Zugeständnisse im Finanzsektor machen

Von einer spieltheoretischen Herangehensweise – seinem wissenschaftlichen Spezialgebiet – rät Varoufakis ab. Besser würde die Schweiz Zugeständnisse im Finanzsektor machen und dafür in Fragen, «wo die Schweizer moralisch im Recht sind», hart bleiben.

In einem früheren Interview mit der «Handelszeitung» hatte Varoufakis bereits geraten, den automatischen Informationsaustausch in die Waagschale zu werfen. Die EU sei ziemlich stark an Transparenz im Bereich von Bankkundendaten interessiert.

Flüchtlinge: «Mit der neuen Realität leben lernen»

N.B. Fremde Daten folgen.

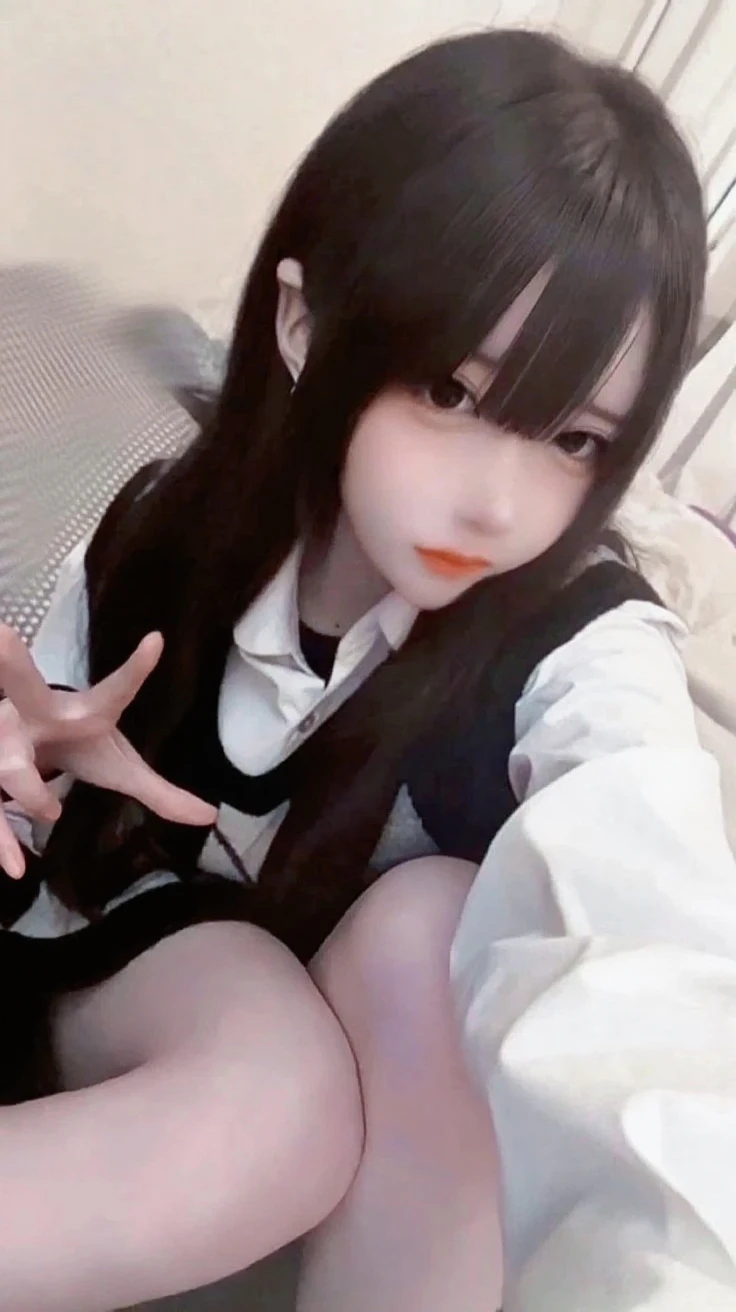 There is a woman sitting on the floor with her tongue out, anime girl Cosplay, anime Cosplay, Cosplay, professional Cosplay, Real life anime girls, hyperRealistic , a hyperRealistic , Realistic Cosplay, full-Cosplay, ayaka Cosplay, Enchanting anime girl, Inspired by anime, Realistic , Anime girl crouching, Black Pigtails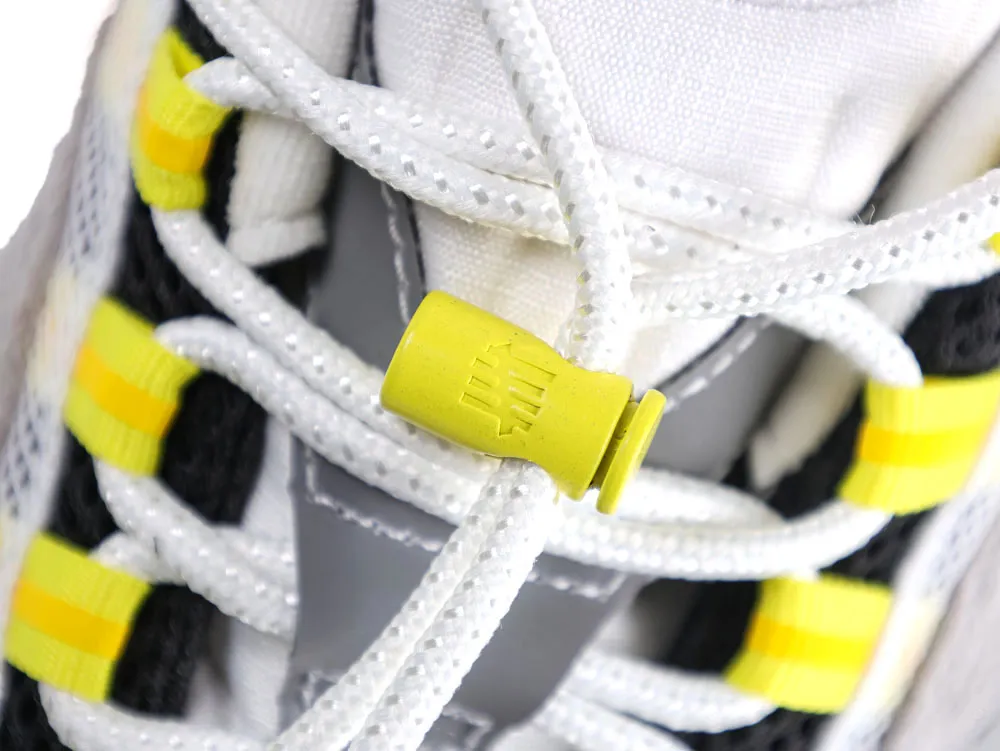 Close-up of sneaker laces with yellow plastic lace lock detail.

Auch zur Flüchtlingskrise redet der ehemalige Finanzminister Klartext. Jahrhundertelang hätten die Europäer die ganze Welt erobert und besiedelt. Dass dieser Trend nun gekehrt habe, müsse man akzeptieren. «Wir sollten besser mit der neuen Realität leben lernen.»

«Wir können nicht an einen freien Weltmarkt glauben und gleichzeitig Menschen erschiessen, die über unsere Grenzen kommen wollen», sagt Varoufakis. Auch hier fehle es an einer europäischen Herangehensweise. Und: «Die Alternative zu einem erneuerten demokratischen Europa ist eine Dystopie.»